Since then, there's been many times I've wanted to post something newsworthy along with a rant about race and social justice. I've had a lot of things to chose from, too. Like, Starbucks and their racial bias training, "lost" undocumented immigrant children, the killing of a young undocumented woman from Guatemala, Roseanne - I can keep going. We're living in trying times, with a seemingly infinite number reasons to get upset about the state our our nation and the people in it.
So, why, you might ask, did I decide against these posts? Why self-censor? While originally subconscious, the answer to this has became clear recently - I just didn't have the energy to spend on something so ineffective. Don't get me wrong, there's a lot to be said about educating those around you, or bringing awareness to social issues. It didn't feel like I wasn't doing that, however. In all of the incarnations of potential posts, I was declaring my own fear, or pain at these events. My own outrage. It felt performative. "Here is the gay Mexican immigrant I'm friends with on Facebook, looks like he's scared or angry, or upset, by some new thing Trump or some racist did. Yikes!"
Every "like" or "angry face" my post garnered on Facebook became less and less a moment of solidarity, and more and more ammunition to keep the show going. To what end? Ultimately, I asked myself: What did I want to get out of it?
Both leading up to, after the election, I found myself carrying on multiple conversations with many well-meaning white people on Facebook.
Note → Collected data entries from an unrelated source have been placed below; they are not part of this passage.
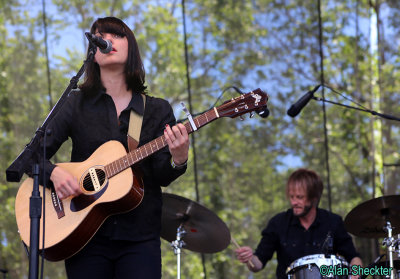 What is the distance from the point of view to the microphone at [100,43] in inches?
115

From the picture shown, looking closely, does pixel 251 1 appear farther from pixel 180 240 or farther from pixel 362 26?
pixel 180 240

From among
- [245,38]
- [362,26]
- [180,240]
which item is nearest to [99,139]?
[180,240]

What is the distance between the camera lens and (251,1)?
5.95 meters

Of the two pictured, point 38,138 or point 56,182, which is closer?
point 38,138

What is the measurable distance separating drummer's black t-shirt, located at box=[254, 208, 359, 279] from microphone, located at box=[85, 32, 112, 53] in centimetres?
233

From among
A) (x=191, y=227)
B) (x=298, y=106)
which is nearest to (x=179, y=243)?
(x=191, y=227)

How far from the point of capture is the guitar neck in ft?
9.89

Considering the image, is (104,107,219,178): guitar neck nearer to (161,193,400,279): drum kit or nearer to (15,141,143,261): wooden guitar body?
(15,141,143,261): wooden guitar body

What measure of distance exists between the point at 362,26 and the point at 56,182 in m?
3.73

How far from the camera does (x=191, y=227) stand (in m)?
4.27

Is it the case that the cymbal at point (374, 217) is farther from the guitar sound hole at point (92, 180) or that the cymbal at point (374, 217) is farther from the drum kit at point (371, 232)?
the guitar sound hole at point (92, 180)

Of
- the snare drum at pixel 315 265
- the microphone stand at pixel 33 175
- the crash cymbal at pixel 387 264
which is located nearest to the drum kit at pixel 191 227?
the snare drum at pixel 315 265

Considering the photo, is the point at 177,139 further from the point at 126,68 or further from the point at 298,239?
the point at 298,239

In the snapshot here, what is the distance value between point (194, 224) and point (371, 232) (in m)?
1.18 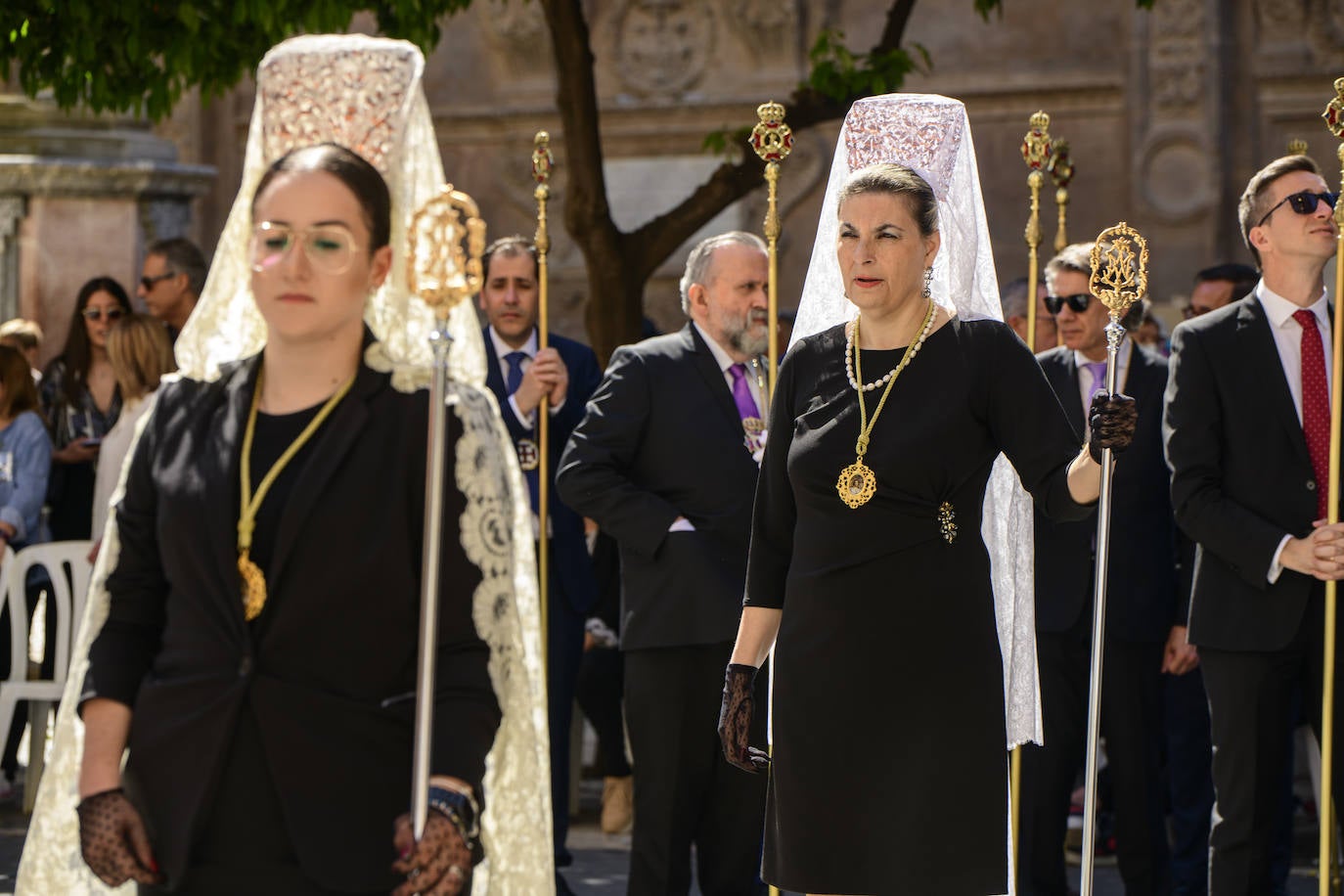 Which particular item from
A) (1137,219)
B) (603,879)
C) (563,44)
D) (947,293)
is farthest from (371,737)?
(1137,219)

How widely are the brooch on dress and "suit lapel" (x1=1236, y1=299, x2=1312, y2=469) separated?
5.48 ft

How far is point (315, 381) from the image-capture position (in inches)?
139

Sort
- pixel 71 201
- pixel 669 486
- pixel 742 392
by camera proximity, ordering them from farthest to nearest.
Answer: pixel 71 201, pixel 742 392, pixel 669 486

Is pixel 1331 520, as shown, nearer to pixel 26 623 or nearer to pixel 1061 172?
pixel 1061 172

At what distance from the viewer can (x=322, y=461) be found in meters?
3.42

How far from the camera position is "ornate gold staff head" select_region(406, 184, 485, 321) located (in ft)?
11.4

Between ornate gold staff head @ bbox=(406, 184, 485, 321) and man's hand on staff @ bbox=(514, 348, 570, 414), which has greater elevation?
man's hand on staff @ bbox=(514, 348, 570, 414)

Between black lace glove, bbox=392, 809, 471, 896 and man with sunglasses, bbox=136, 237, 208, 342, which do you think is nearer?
black lace glove, bbox=392, 809, 471, 896

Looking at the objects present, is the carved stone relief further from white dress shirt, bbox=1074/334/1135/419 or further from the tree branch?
white dress shirt, bbox=1074/334/1135/419

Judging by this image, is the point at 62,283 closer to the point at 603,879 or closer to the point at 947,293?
the point at 603,879

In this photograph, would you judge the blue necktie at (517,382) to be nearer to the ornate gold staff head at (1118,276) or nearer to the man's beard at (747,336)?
the man's beard at (747,336)

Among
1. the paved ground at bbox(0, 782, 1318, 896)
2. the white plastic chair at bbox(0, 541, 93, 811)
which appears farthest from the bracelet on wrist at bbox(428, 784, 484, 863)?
the white plastic chair at bbox(0, 541, 93, 811)

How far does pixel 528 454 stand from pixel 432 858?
4.16 metres

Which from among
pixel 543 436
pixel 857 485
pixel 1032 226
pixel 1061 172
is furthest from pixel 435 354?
pixel 1061 172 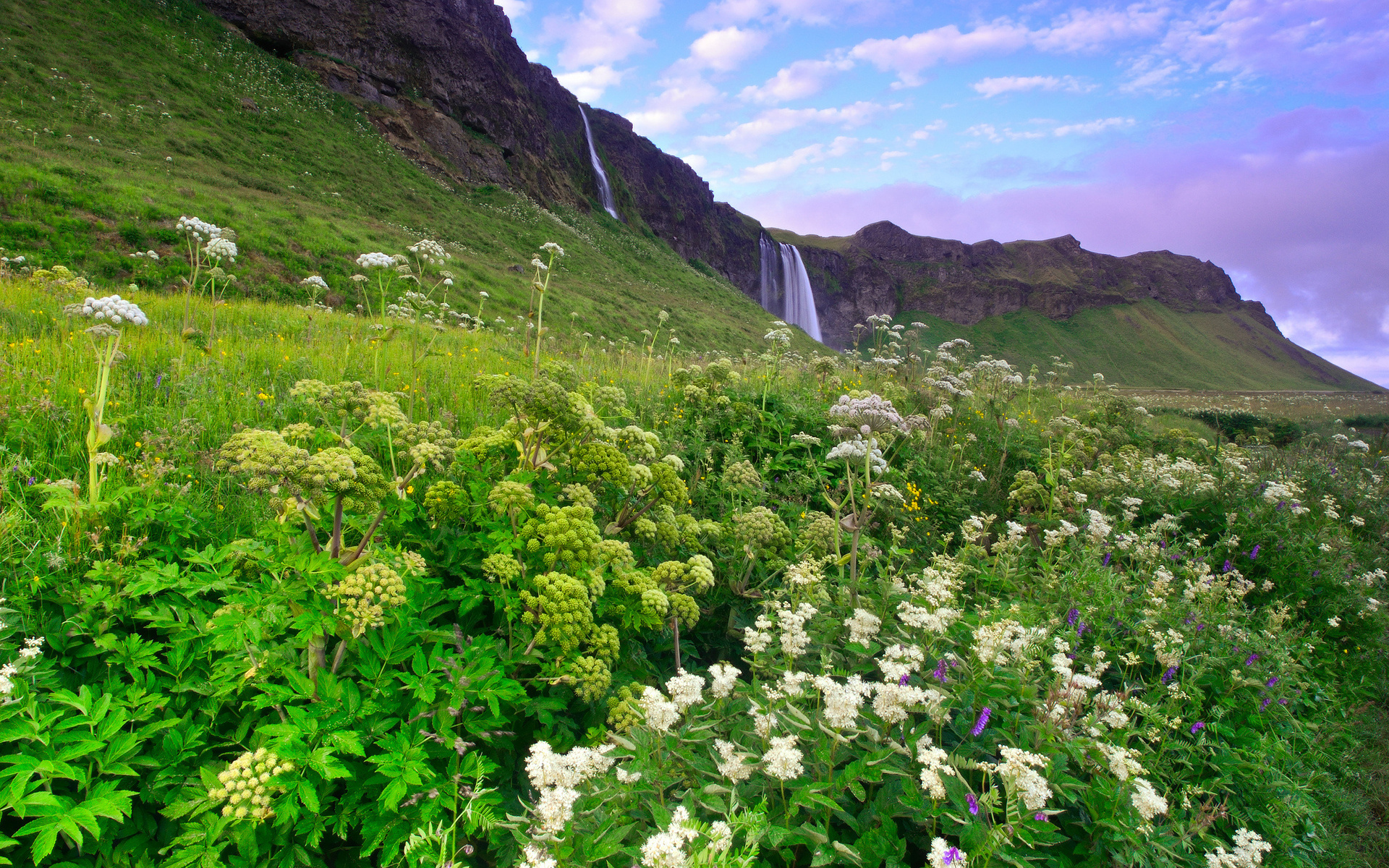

Even before the election, I've never been shy about posting my opinions on social issues, or engaging in heated debates in the comments sections of a friend's post. I just kept coming back to this question: What did I want to get out of it? Was I going to change the heart and mind of your aunt Becky? Was Margaret going to admit that she doesn't know nearly as much as she thinks she knows about the intricacies of immigration law? Most signs point to no.
Then what? Was I going to make my well-meaning white friends more aware of social issues. Possibly. What was more likely, at least in my mind, is that I would share my fear, anger, and pain, with my Facebook friends, just to share it. Just to help them see how the barrage of awful headlines aren't just isolated incidents, but rather, incidents that speak to the higher systemic problems prevalent in the lives of people of color across the nation.
While that's all well and good, when I stepped back and analyzed what I was doing, I realized while I was "doing better" by bringing awareness to these highly important things, pouring my anger or fear just felt like I talking to a stadium full of people with a microphone that wasn't on. Eventually I just felt like I was feeding their outrage. In some ways, contributing to creating a numbness to these current events.
What to do instead, then? The truth is, I don't have a definite answer yet. While I'll continue to engage in conversations around race in these especially volatile times, I'm consciously asking myself: What do I want to get out of this? I'll point my internal compass away from "to tell this person off." It's easy to tell someone off. I know that well enough to know that isn't "doing better."